(Dataset extract)

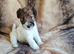 Quality Wire Fox Terrier Pups Available to 5* Homes.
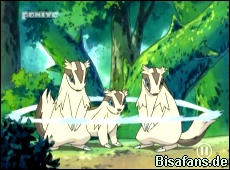 Screenshot von Geradaks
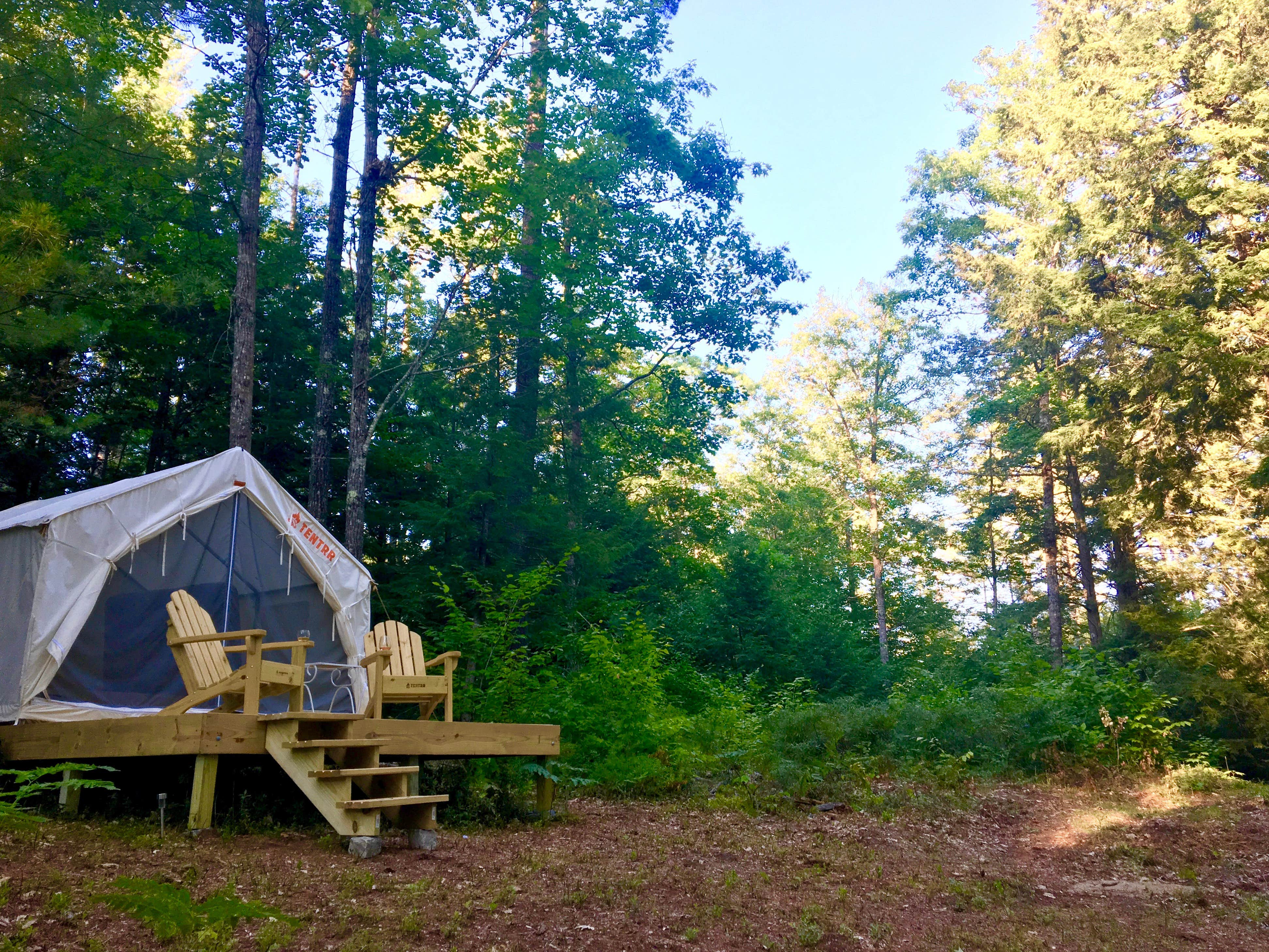 The Dyrt's photo of glamping accommodations at Topo Pino Mountain Oasis near Berlin, NH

(End Dataset extract)

*Task goal*
Copy the data verbatim, skipping any image it holds.

*Expected answer*
 Quality Wire Fox Terrier Pups Available to 5* Homes.
 Screenshot von Geradaks
 The Dyrt's photo of glamping accommodations at Topo Pino Mountain Oasis near Berlin, NH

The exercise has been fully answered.